Most of us have habits. Some of them we are proud of, some we would like to put under the carpet and some we would like to work to eliminate. But, let someone else tell us that we need to change a habit and we are ready to fight to keep it. I have had this going on for thirty years and found an answer to it. I like to keep my things disorganized – there is an organization in my disorganization. I can find any of my papers and documents in a jiffy. My spouse is extremely organized. She must keep everything in place (whatever place means to her). That’s it, every time she keeps things in place, I cannot find where I kept what I kept in my mind map. Two habits, the cause of many mishaps and frayed tempers and the end result is a downgraded relationship for many days after the event. I have learnt to not look for things which I can’t find. This has reduced the tension of – “who ate my porridge” syndrome between us.
What about when I am told why do you look as if you are upset? That really pushes some buttons in me. I just flare when it is assumed that I am upset – now that just upsets me. However, this just devastates her, as she really is genuinely concerned when querying about my current mental state. This is a very common occurrence in relationships. A genuine query is taken as an affront and leads to many unwanted and unexpected consequences. This is how I deal with this kind of queries. First just cool it. Take a minute to understand what I am going through – self awareness exercise helps. Once I recognize the emotion, the next is to replace it with another emotion that will work to upgrade the relationship. Then I have to learn as to why I feel upset when something does not meet my standards. What does it do for me? What can I do differently? Who does feeling upset harm? Can I treat all intentions as good intentions? Ultimately how I deal with events is up to me.

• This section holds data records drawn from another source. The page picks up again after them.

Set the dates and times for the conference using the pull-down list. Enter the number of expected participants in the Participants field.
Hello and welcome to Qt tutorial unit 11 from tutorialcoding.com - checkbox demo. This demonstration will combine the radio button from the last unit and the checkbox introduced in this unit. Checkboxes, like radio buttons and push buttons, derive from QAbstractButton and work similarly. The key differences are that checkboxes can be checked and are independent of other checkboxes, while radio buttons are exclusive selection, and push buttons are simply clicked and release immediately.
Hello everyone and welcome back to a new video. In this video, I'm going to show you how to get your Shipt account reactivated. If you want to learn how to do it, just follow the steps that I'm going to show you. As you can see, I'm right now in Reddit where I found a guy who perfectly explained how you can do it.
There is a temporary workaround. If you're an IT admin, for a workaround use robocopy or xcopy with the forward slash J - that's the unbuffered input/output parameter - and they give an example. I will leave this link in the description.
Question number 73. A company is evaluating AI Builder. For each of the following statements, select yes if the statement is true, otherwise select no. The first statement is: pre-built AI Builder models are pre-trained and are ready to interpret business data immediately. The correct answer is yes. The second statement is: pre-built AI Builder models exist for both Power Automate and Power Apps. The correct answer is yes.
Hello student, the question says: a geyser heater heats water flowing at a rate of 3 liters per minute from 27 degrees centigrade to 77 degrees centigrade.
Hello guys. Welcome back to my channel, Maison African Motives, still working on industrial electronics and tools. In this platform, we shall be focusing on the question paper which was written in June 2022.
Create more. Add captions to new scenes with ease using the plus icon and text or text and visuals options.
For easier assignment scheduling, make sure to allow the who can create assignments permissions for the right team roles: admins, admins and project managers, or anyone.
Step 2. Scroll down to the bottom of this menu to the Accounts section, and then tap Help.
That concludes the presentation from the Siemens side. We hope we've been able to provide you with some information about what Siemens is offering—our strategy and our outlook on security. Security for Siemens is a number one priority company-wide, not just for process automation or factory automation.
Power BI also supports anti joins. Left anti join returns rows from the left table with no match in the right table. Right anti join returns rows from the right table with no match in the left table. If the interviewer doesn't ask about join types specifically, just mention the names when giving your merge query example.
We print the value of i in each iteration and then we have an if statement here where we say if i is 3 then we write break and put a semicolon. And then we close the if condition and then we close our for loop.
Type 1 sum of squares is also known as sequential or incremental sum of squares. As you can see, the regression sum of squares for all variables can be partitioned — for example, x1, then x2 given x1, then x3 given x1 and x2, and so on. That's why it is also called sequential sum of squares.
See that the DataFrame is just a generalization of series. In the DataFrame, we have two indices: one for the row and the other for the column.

4) Upgrading your relationship requires commitment of time – are you willing?
If your relationship is important, and you seriously mean to upgrade it, you just have to find the time. Often, we give this our last minute – if there is a last minute. The plates must be cleaned, the children must be in bed, the last bit of office work must be complete, the unfinished conversation, the TV and there are many other things to do. Often by the time we find time for our relationship, one or the other is too tired, bored or simply lost interest. One of the easiest things to do is to fix a schedule, much like a dentist’s appointment to give your relationship a few minutes a day, a few hours a week.
5) Are you willing to learn newer skills to upgrade your relationship?
How many years did it take you to learn what you are now accomplished at? How did you acquire those skills? Most anyone would spend hours in the library going through the books, done tonnes of homework, had teachers to teach the fundamentals and practiced hard. Learning takes effort. So what about learning to know your partner? Are they as complicated as calculus or may be more. You will need the same skill sets, self-discipline and practice to know more about your partner. Are you ready to do the hard work? Think of learning from a coach, a mentor, books and reflective exercises. Then practice what works – do some home work.
6) Are you willing to relate from a position of win-win?
There is no right or wrong in a relationship. There is either win-win or lose-lose. When we win the relationship loses. Would you rather be right or rather be happy? Upgrade your relationship today.